Littérature noire
15 Janvier 2020
On connait depuis des années maintenant la fascination des Mexicains pour la mort. Et le royaume des morts. Un culte hérité bien sûr de leurs racines aztéques, civilisation qui désignait par Mictlàn le pays des morts, où règne Mictlàntecuhtli.
Sébastien Rutés, l'auteur du fort bien nommé Mictlàn, maîtrise cette relation si particulière entre morts et vivants, lui qui a enseigné durant quinze années la littérature latino-américaine et notamment Borgès. Et ce qui frappe chez Rutès, c'est bien cette fusion entre le fond et la forme. Soit deux chauffeurs routiers partis sur les grandes lignes droites du Mexique au volant d'un semi-remorque.
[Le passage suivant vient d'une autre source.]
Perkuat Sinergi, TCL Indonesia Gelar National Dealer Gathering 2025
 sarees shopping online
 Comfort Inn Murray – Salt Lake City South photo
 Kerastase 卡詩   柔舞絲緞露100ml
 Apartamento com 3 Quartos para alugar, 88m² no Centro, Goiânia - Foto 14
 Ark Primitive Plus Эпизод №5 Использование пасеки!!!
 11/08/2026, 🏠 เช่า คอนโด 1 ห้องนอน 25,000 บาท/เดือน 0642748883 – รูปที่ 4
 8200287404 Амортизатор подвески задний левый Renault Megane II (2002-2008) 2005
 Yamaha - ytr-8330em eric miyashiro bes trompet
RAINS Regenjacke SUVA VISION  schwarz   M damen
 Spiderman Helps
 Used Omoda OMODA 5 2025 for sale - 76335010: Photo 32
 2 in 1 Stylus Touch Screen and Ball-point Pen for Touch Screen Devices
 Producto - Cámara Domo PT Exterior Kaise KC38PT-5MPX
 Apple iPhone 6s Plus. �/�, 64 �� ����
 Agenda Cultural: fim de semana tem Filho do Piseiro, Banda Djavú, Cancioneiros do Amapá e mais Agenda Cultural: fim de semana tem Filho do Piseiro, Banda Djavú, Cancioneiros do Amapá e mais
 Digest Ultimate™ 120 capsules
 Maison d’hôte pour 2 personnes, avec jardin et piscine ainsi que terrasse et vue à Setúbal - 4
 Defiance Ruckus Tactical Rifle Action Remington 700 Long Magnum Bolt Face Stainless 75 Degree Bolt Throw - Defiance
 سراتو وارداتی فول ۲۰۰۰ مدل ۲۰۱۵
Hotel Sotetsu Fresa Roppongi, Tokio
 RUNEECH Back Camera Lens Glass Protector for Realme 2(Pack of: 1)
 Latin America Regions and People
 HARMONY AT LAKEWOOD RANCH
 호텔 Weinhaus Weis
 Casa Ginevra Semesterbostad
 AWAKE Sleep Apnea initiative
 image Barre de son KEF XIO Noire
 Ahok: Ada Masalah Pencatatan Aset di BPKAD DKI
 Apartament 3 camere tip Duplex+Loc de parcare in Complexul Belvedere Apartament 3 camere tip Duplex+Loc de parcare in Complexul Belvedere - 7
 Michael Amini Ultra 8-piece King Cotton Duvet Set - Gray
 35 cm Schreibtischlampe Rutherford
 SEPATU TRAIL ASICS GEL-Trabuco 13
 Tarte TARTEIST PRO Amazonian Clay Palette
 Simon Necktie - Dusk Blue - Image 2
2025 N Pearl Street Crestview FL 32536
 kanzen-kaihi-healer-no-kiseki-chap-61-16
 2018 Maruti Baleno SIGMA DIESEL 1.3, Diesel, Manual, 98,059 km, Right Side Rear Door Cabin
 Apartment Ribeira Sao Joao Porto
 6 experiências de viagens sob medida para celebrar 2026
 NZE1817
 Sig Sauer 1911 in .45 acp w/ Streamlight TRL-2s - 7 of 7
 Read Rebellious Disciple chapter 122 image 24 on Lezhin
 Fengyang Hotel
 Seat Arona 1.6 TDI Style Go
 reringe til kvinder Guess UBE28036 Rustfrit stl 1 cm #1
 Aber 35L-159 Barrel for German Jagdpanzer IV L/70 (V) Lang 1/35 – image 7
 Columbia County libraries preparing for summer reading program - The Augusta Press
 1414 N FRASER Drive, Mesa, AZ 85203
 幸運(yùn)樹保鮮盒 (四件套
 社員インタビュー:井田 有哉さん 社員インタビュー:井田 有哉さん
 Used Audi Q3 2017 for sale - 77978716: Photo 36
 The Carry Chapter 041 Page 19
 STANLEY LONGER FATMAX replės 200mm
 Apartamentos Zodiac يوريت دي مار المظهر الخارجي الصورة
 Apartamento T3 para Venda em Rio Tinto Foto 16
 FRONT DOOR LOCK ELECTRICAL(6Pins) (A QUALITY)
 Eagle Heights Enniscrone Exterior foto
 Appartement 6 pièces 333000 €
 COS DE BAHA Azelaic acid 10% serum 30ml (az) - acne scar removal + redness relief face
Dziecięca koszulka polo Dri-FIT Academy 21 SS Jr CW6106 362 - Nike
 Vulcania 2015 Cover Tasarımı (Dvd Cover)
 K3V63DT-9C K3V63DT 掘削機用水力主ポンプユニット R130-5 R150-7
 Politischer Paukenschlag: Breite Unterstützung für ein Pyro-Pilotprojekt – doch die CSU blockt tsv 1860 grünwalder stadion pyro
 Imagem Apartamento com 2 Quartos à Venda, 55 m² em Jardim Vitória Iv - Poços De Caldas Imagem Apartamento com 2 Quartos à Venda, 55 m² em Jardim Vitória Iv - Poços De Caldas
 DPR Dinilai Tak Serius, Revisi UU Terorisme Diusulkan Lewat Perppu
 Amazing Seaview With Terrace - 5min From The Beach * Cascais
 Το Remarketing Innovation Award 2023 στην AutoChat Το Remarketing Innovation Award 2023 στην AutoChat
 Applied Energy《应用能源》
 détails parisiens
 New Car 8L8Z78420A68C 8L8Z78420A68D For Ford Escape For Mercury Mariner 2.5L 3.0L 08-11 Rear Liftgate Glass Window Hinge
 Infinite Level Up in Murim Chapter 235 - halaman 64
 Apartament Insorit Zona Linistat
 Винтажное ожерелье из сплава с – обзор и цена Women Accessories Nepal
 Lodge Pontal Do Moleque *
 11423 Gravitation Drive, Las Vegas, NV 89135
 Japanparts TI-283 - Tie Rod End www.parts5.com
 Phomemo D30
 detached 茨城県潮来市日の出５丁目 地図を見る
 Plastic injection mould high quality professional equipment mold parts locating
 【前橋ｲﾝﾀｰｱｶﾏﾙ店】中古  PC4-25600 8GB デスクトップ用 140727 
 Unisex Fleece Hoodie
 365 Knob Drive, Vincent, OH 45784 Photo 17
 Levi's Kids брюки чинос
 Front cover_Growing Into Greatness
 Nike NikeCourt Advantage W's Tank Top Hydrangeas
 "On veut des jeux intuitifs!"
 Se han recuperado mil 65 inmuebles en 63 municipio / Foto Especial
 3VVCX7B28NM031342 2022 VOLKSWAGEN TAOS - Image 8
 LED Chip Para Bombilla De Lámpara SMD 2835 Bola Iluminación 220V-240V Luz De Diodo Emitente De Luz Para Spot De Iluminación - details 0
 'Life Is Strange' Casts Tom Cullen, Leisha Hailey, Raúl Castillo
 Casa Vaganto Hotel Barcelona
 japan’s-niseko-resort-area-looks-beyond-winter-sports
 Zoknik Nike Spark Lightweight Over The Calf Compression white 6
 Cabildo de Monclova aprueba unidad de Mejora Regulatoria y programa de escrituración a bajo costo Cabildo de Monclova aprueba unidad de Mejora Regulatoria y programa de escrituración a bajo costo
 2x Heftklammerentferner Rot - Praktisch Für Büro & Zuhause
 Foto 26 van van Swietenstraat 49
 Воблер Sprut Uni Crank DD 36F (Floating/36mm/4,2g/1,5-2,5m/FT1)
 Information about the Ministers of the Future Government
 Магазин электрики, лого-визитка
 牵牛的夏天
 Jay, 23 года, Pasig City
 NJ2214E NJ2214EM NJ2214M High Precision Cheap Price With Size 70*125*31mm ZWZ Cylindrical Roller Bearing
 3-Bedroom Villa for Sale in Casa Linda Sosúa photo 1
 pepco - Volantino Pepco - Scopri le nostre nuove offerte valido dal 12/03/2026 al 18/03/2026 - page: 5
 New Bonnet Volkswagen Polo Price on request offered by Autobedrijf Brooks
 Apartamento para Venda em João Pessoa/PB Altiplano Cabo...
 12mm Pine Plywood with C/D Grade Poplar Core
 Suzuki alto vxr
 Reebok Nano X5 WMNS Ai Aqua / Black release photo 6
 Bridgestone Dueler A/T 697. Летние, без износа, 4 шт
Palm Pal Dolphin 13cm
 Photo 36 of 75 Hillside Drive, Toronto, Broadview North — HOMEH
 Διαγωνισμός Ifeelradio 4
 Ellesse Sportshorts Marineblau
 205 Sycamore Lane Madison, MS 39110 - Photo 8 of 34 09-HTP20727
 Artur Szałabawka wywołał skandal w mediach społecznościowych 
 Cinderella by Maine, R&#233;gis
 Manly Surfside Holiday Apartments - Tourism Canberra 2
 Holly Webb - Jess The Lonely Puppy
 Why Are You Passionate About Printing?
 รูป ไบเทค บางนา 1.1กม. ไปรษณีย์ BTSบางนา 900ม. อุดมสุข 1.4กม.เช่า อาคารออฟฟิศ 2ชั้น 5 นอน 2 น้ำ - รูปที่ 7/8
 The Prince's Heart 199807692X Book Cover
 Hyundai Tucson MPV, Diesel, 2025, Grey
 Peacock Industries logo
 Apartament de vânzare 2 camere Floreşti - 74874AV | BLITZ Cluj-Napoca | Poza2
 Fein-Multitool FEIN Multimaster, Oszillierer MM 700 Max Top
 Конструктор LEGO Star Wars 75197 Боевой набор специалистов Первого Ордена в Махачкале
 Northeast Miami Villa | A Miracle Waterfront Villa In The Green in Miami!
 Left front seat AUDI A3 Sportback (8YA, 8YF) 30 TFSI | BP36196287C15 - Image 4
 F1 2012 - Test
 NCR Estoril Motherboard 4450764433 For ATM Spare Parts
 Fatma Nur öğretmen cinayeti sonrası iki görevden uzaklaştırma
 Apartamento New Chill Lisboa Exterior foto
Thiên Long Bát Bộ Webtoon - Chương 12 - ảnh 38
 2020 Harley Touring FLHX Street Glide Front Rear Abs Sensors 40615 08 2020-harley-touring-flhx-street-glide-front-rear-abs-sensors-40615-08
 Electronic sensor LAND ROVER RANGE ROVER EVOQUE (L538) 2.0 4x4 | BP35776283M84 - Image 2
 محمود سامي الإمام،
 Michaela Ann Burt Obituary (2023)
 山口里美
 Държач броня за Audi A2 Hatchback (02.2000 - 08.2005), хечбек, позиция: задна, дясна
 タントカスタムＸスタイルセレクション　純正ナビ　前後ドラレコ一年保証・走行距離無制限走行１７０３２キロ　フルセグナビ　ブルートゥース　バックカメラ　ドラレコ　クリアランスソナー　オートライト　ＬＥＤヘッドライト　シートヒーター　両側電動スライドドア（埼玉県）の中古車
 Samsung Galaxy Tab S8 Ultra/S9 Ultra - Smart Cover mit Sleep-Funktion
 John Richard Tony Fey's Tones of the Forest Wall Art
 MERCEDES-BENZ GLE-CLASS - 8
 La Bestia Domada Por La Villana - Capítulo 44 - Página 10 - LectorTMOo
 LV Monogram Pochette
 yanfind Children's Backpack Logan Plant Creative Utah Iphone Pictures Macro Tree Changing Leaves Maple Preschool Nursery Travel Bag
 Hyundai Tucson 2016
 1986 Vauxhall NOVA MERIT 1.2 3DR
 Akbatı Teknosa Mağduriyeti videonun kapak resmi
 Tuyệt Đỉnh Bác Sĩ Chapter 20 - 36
Il y a Gros, qui a fui sa famille après avoir tué d'un coup de machette le Patron de sa mère et de sa soeur, avant de tomber dans un gang et verser le sang. A côté de lui, c'est Vieux, homme brisé par la disparition inexpliquée de sa fille. Tous deux se relayent par tranche de douze heures pour conduire. Interdiction de s'arrêter, sinon pour faire le plein de carburant. Même pour pisser ou manger, c'est verboten ! Ordre du Commandant, sous la houlette du Gouverneur. Et pour cause, le camion transporte juste 157 cadavres mutilés, des corps récupérés ici et là et qui font tâche dans la campagne de réélection du Gouverneur qui a bâti son programme sur la fin des violences... Donc, roulez Gros et Vieux, roulez tant que l'on ne vous demande pas de vous arrêtez. Mais Gros a des cauchemars, lorsqu'il ferme les yeux, le corps emballés dans les plastiques l'attrapent, le tirent. Sa conscience commence à prendre un sale coup. Vieux, lui, n'a qu'une envie : chercher parmi les cadavres s'il n'y a pas celui de sa fille. Il ne reste plus que ça à cet homme dépressif.
Et Sébastien Rutés de proposer un premier chapitre fiévreux, sous amphétamine, où Gros pense à tout ce qu'il a fait, pense au Vieux, pense à ce pays ( ("tu en connais qui meurent pas de mort violente dans ce pays?, des qui s'éteignent tranquillement dans leur lit ?, des qui meurent de vieillesse ?, tout le monde meurt de mort violente, comment la mort pourrait ne pas être violente ?"), pense à sa cargaison, pense au Commandant et tout ça dans un style au rythme du camion, avec une ponctuation qui exclut tout point final, usant de virgules, des deux points, des points d'interrogation, sur trente pages... C'est hyper risqué. Mais ça claque, ça marche, c'est fort et ça tient le lecteur par quelque chose de plus bas que le nombril.
Mictlàn est une belle réflexion, très pessimiste, sur cette violence institutionnalisée au Mexique, ces habitants tellement habitués à vivre avec la mort, avec leurs morts quotidiens, une existence avec peu d'espoir sinon celle des gangs, des narcos ou de la flicaille corrompue. Et donc Mictlàn est violent, très violent. Mais ce n'est pas gratuit. Il est ici beaucoup question de survie parmi les chiens affamés, parmi des hommes armés. Avec l'espoir d'arriver dans ce fameux pays des morts, un brin apaisé, soulagé.
Un roman noir, très court, en tout point excellent.
Mictlàn, ed. La Noire, 153 pages, 17 euros.